Image-text web data
= = = =
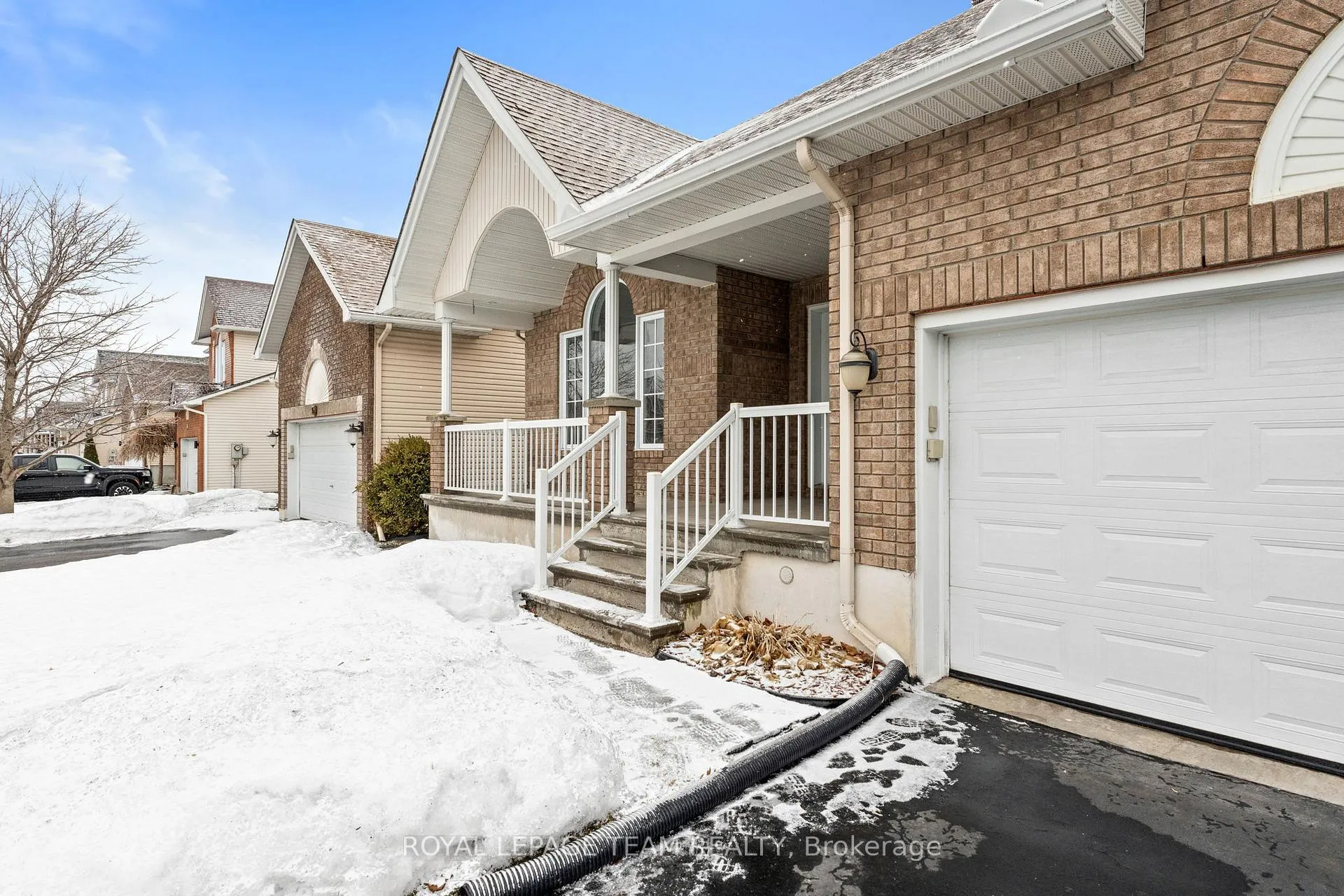 Photo 6 of 97 Lloydalex Crescent, Ottawa, Stittsville (North) — HOMEH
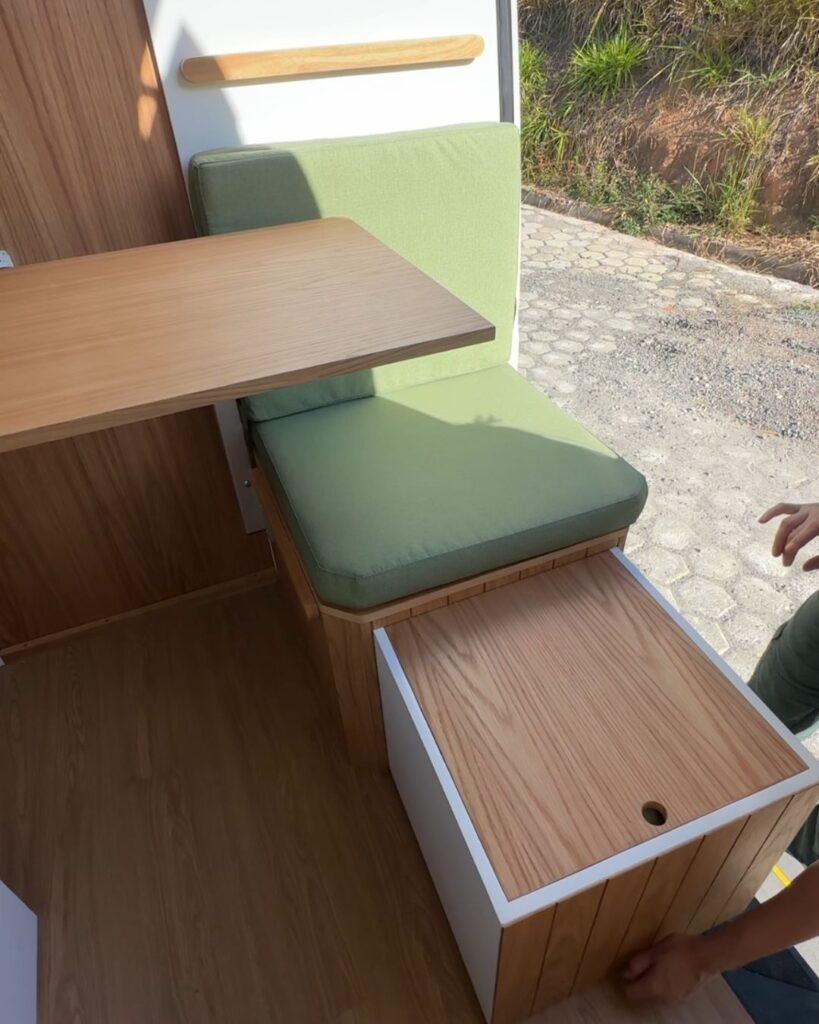 Motorhome Sprinter UP! Smart para família de 4 pessoas (30)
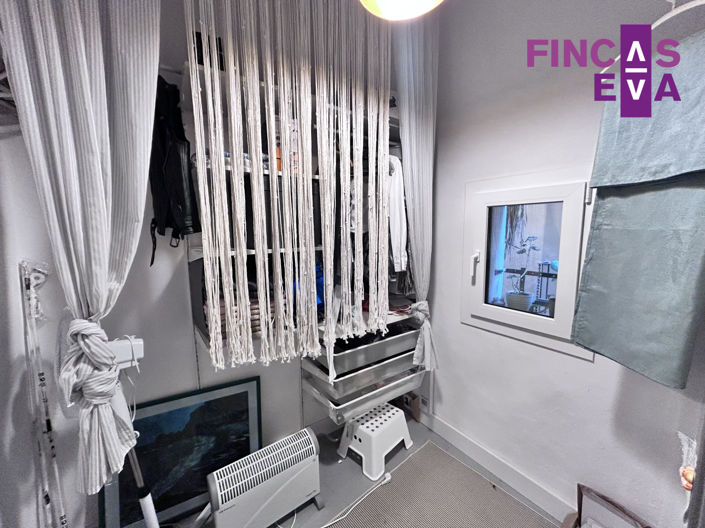 Image No.18-3 Bed Property for sale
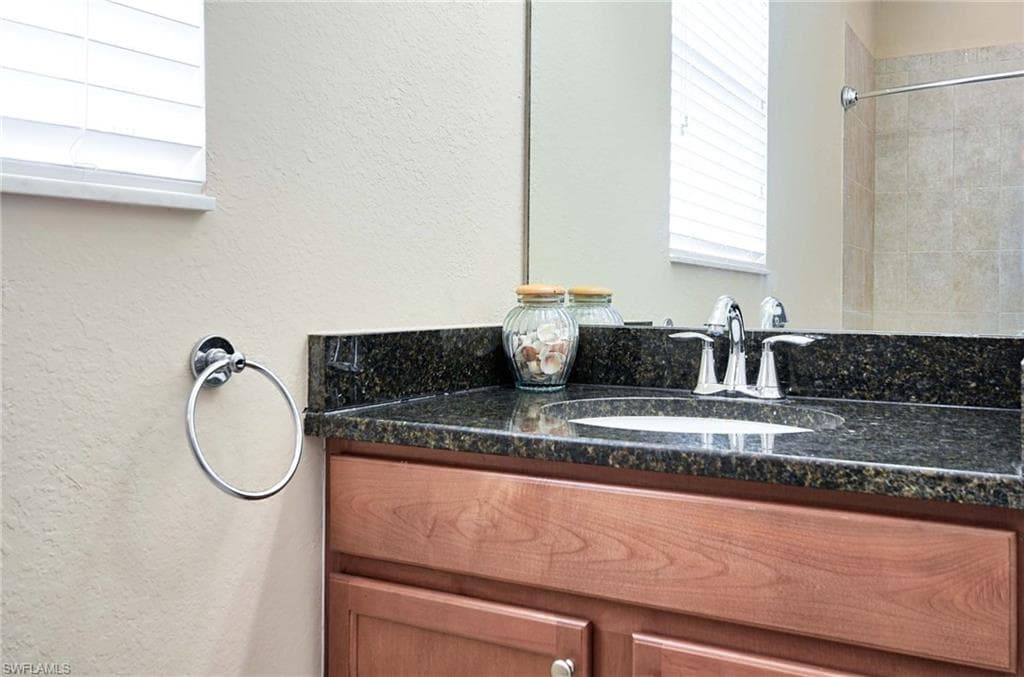 14614 Fern Lake Ct, Naples, FL 34114-28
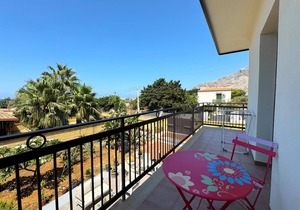 BEAUTIFUL apartment A FEW STEPS from the sea!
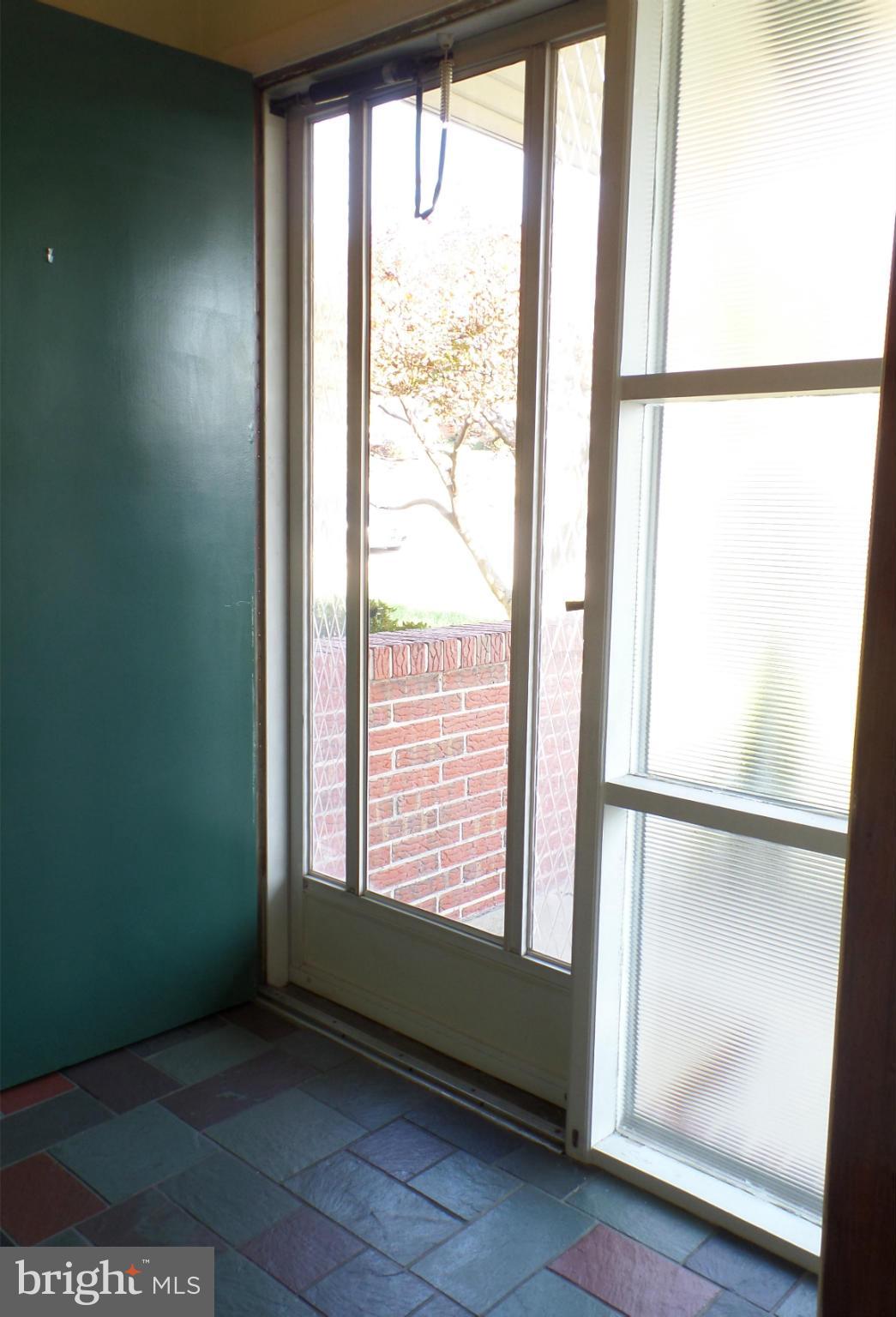 HIGH POINT - Residential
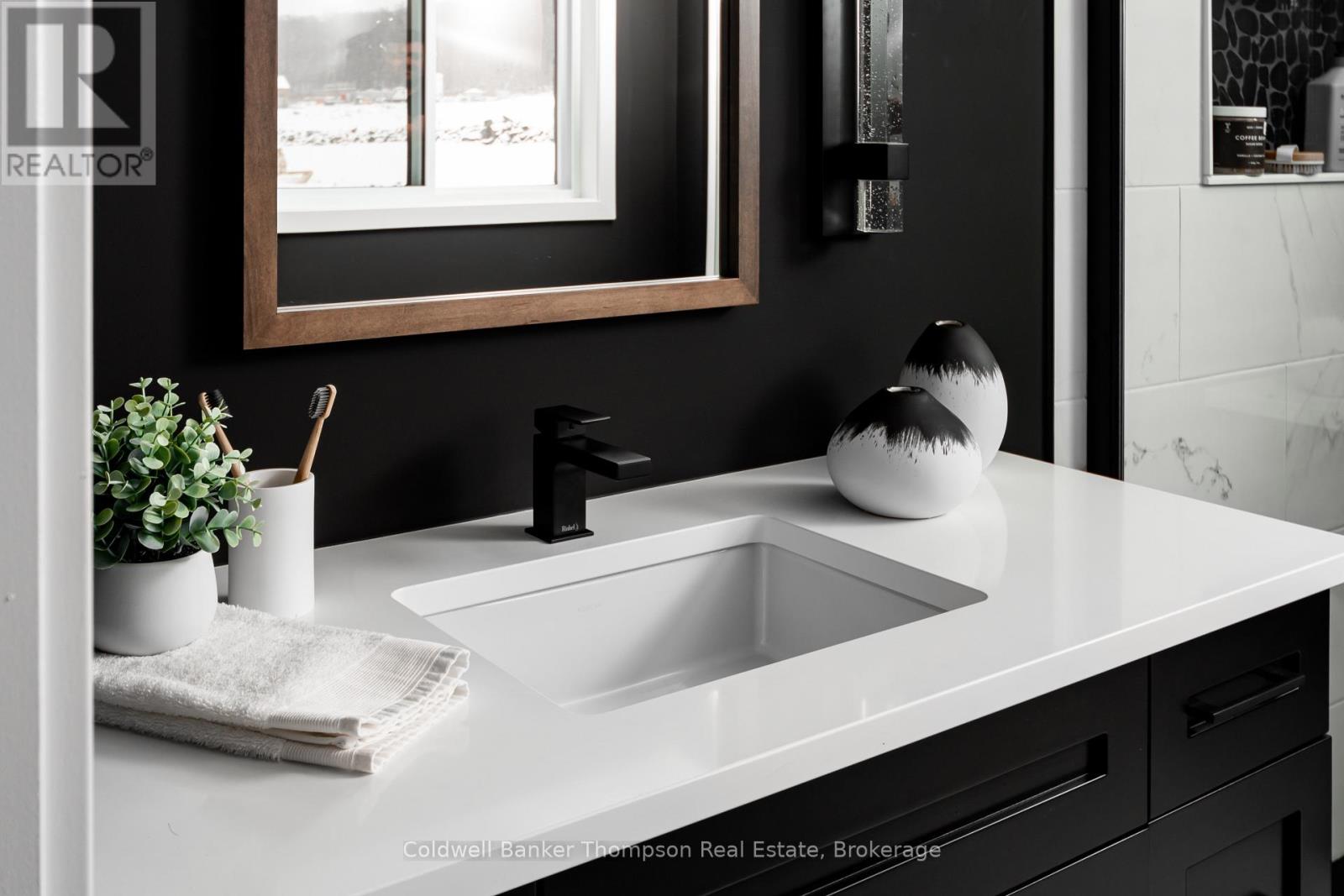 8 Charles Morley Boulevard, Huntsville, Ontario P1H 0G5 - Photo 17 - X12805908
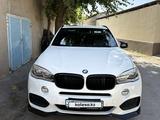 BMW X5 2015 года за 15 500 000 тг. в Шымкент – фото 2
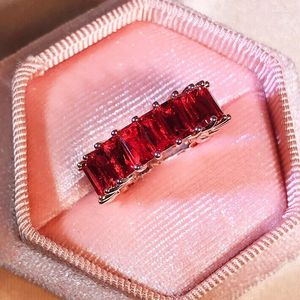 Pierścienie klastra moda Rose Gold Red Ruby Bagieette Pełna diamentowa pary Pierścień dla kobiet geometrycznych srebrnych biżuterii prezentowych rocznicowych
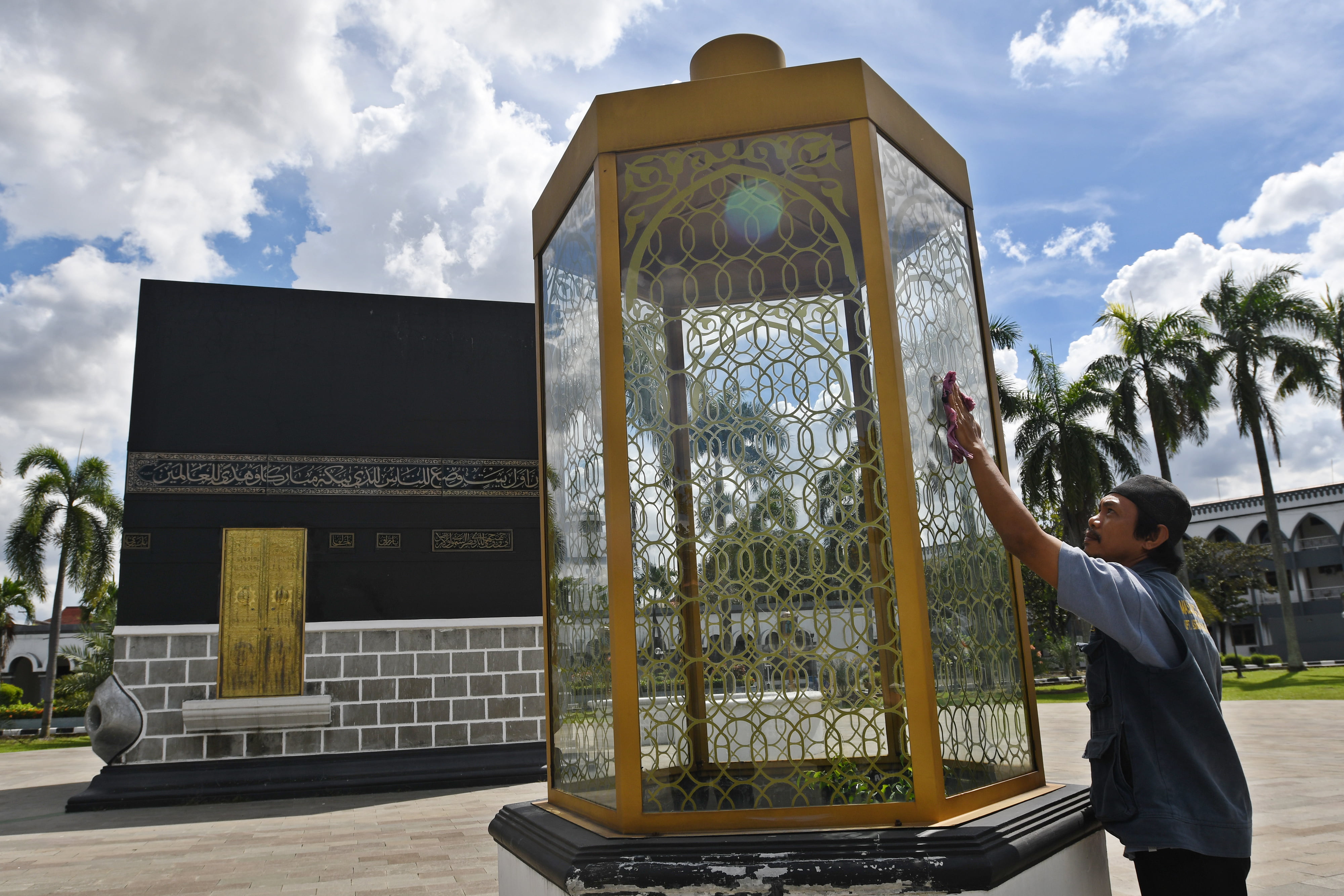 PERSIAPAN ASRAMA HAJI PONDOK GEDE. Petugas membersihkan replika makam Ibrahim dan Ka'bah di Asrama Haji Pondok Gede, Jakarta, Rabu (1/6). Kementerian Agama mempersiapkan sarana dan prasarana di lokasi tersebut untuk menyambut jemaah calon haji mulai Jumat (3/6).
ANTARA FOTO/ADITYA PRADANA PUTRA
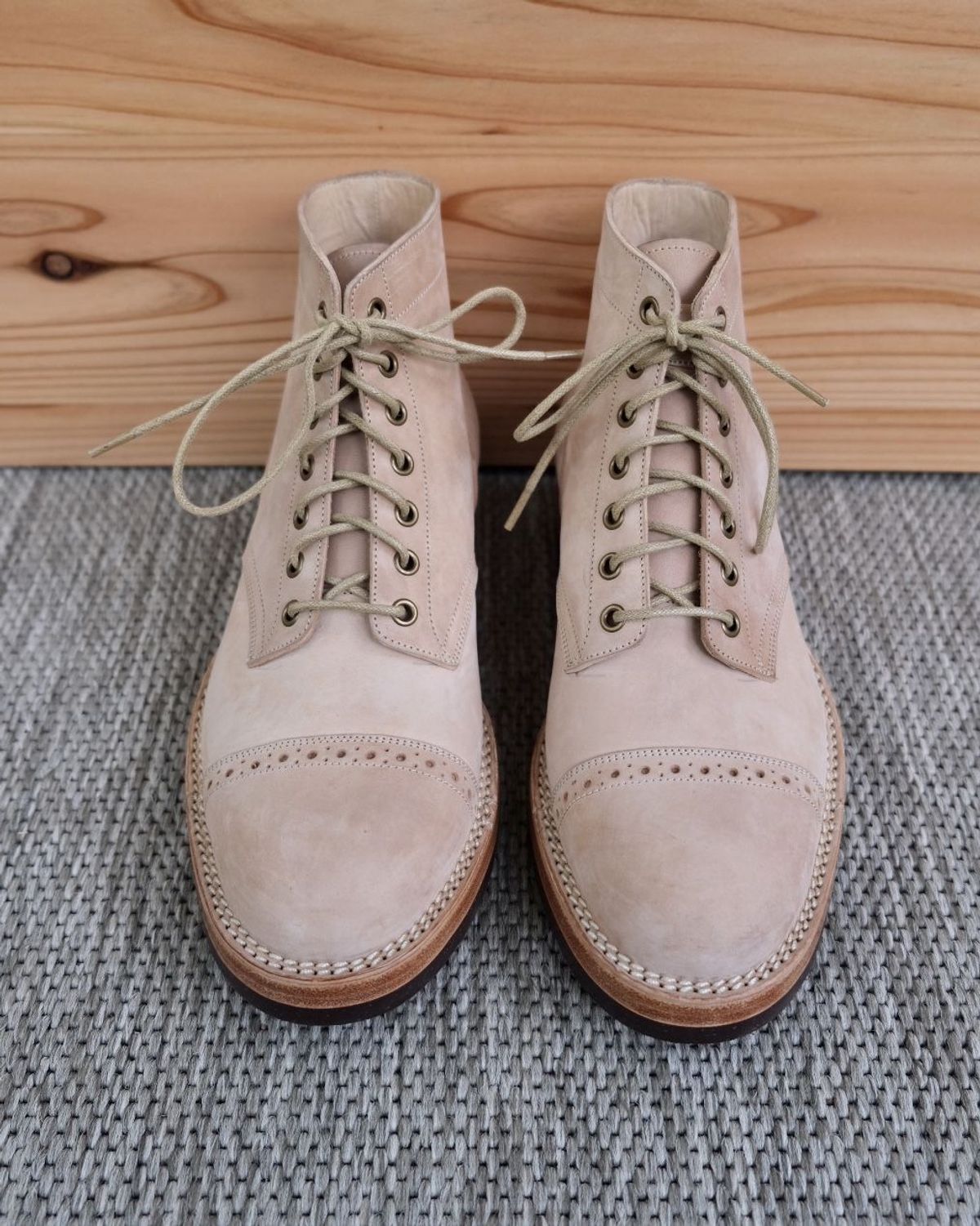 Photo by patinathunderdome on October 3, 2021 of the Onderhoud SVC03 Service Boot in Conceria Cloe Crust Shell Cordovan.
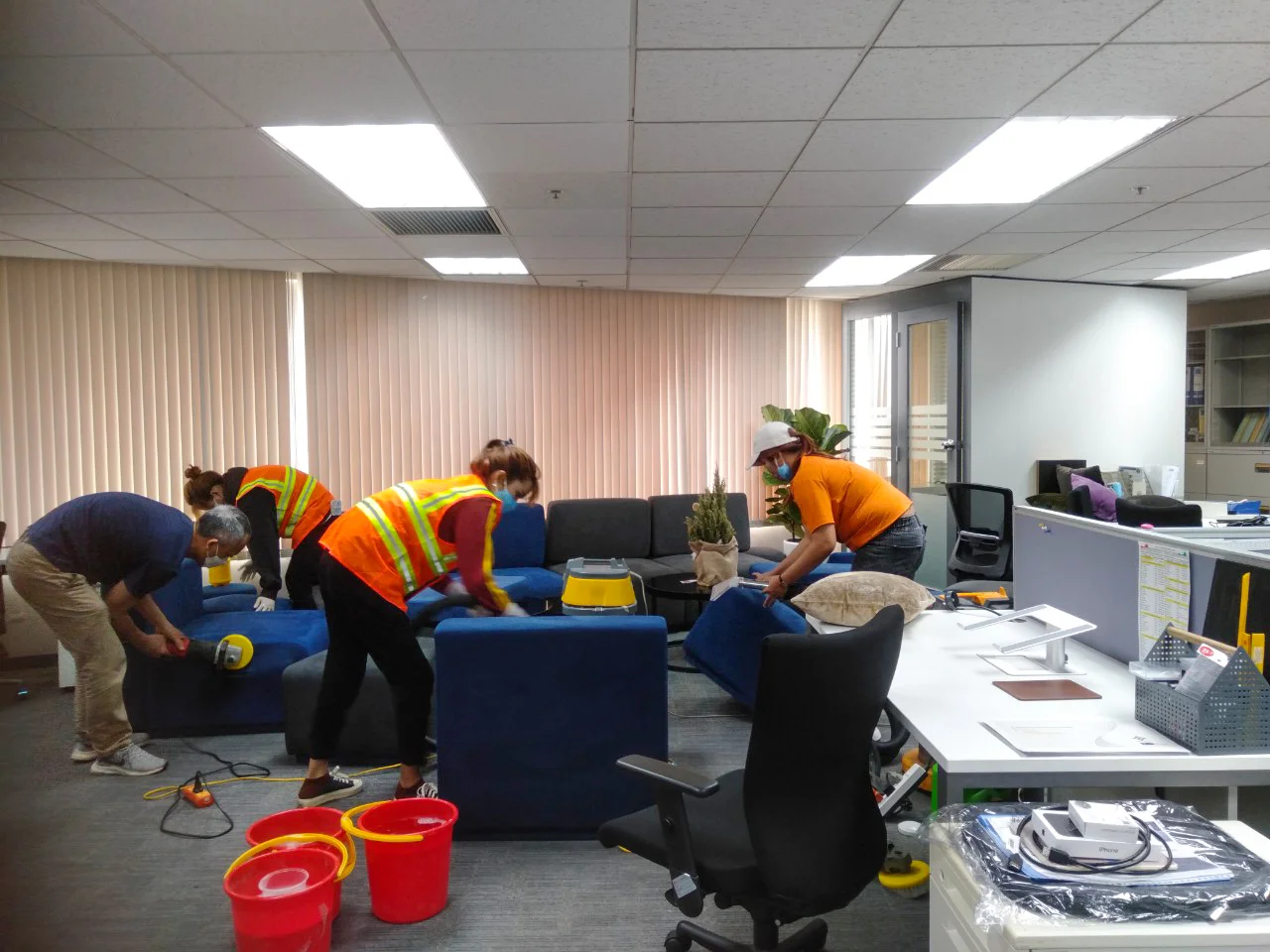 Giặt sofa và ghế tại Văn phòng công ty Mitsu Việt Nam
= = = =
→ **YOUR ASSIGNMENT**:
Word for word, restate all of the data, but do not copy the pictures.

→ **TASK OUTPUT**:
 Photo 6 of 97 Lloydalex Crescent, Ottawa, Stittsville (North) — HOMEH
 Motorhome Sprinter UP! Smart para família de 4 pessoas (30)
 Image No.18-3 Bed Property for sale
 14614 Fern Lake Ct, Naples, FL 34114-28
 BEAUTIFUL apartment A FEW STEPS from the sea!
 HIGH POINT - Residential
 8 Charles Morley Boulevard, Huntsville, Ontario P1H 0G5 - Photo 17 - X12805908
 BMW X5 2015 года за 15 500 000 тг. в Шымкент – фото 2
 Pierścienie klastra moda Rose Gold Red Ruby Bagieette Pełna diamentowa pary Pierścień dla kobiet geometrycznych srebrnych biżuterii prezentowych rocznicowych
 PERSIAPAN ASRAMA HAJI PONDOK GEDE. Petugas membersihkan replika makam Ibrahim dan Ka'bah di Asrama Haji Pondok Gede, Jakarta, Rabu (1/6). Kementerian Agama mempersiapkan sarana dan prasarana di lokasi tersebut untuk menyambut jemaah calon haji mulai Jumat (3/6).
ANTARA FOTO/ADITYA PRADANA PUTRA
 Photo by patinathunderdome on October 3, 2021 of the Onderhoud SVC03 Service Boot in Conceria Cloe Crust Shell Cordovan.
 Giặt sofa và ghế tại Văn phòng công ty Mitsu Việt Nam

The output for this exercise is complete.